### [Task description]
From the line with "Colorful Parrot Cockatoo" through the line with "True Religion Brand", inclusive, return each line of the data below exactly and leave the rest out.

Crawled caption data:
# # # # # # #
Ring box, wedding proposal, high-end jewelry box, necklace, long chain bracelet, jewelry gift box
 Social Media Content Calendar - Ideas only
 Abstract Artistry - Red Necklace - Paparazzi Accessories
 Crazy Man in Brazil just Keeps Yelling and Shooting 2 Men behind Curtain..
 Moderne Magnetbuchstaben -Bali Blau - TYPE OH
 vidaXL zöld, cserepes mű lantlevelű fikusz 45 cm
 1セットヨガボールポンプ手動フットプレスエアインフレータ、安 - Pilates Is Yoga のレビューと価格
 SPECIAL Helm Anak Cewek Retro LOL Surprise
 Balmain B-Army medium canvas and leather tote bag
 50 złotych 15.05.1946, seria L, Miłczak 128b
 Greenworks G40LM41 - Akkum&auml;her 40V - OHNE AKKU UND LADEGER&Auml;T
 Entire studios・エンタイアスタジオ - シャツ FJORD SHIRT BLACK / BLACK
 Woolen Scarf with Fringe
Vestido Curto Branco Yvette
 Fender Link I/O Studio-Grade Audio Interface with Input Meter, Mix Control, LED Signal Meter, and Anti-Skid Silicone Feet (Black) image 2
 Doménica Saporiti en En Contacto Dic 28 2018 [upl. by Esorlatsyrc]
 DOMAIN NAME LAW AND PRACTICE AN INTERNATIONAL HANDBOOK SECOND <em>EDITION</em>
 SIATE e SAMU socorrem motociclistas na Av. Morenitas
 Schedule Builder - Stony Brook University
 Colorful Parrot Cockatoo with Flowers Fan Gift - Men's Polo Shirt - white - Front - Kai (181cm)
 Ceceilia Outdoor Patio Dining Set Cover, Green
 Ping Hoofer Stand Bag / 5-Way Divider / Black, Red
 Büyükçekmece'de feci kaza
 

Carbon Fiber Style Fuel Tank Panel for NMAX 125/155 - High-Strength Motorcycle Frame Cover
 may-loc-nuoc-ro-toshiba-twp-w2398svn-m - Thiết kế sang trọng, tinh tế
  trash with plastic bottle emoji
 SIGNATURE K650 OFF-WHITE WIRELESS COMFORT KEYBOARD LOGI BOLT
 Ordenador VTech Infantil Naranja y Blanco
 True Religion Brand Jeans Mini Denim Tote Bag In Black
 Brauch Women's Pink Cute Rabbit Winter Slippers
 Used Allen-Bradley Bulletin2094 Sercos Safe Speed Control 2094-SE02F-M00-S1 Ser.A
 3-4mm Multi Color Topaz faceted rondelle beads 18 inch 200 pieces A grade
# # # # # # #
### [Solution to the exercise]
 Colorful Parrot Cockatoo with Flowers Fan Gift - Men's Polo Shirt - white - Front - Kai (181cm)
 Ceceilia Outdoor Patio Dining Set Cover, Green
 Ping Hoofer Stand Bag / 5-Way Divider / Black, Red
 Büyükçekmece'de feci kaza
 

Carbon Fiber Style Fuel Tank Panel for NMAX 125/155 - High-Strength Motorcycle Frame Cover
 may-loc-nuoc-ro-toshiba-twp-w2398svn-m - Thiết kế sang trọng, tinh tế
  trash with plastic bottle emoji
 SIGNATURE K650 OFF-WHITE WIRELESS COMFORT KEYBOARD LOGI BOLT
 Ordenador VTech Infantil Naranja y Blanco
 True Religion Brand Jeans Mini Denim Tote Bag In Black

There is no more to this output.